There are holes in the diaphragm through which the oesophagus and the main blood vessels from and to the heart (the aorta and inferior vena cava) must pass. The blood vessels are at the back of the abdomen, just in front of the spine, but the oesophagus enters closer to the front of the diaphragm, through an opening of its own – the hiatus.
To ensure that nothing can slip upwards from the abdomen into the thoracic cavity through the hiatus there are strong muscles within the rim of the hiatus that hold it close to the oesophagus. These muscles are the diaphragmatic crura (from the Latin word for cross). These muscles crisscross around the oesophagus keeping it tightly in position.
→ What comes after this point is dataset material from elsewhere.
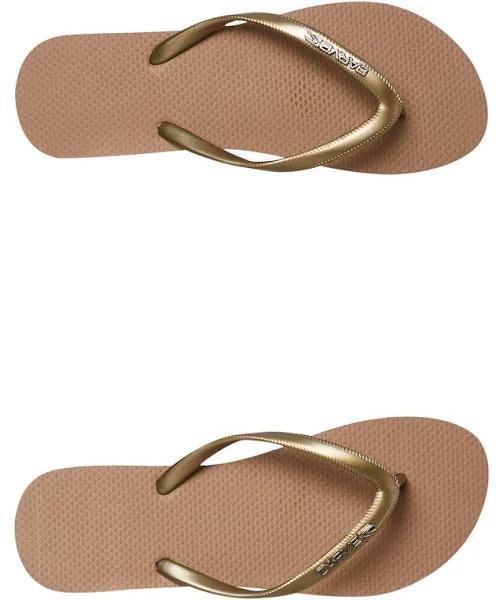 Carve Metalic Badge Ladies Thongs Champagne 10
This is an excellent setup, not only for preventing a hernia, but also for ensuring that the external pressure around the lower few centimetres of the oesophagus remains high. Therefore, even if the cardia is a bit inefficient and there is a risk that it may allow stomach contents to reflux up into the oesophagus, this is prevented simply by the high external pressure. This external pressure keeps the oesophagus collapsed until it is opened by the pressure of food and peristalsis. This external pressure applied to the lower part of the oesophagus is probably the most important mechanism for preventing the reflux of stomach acid into the lower oesophagus. When the cardia is pushed up into the chest cavity – as happens with a hiatus hernia – where the pressure around the oesophagus is much lower, then acid reflux from the stomach into the oesophagus becomes the rule, rather than the exception.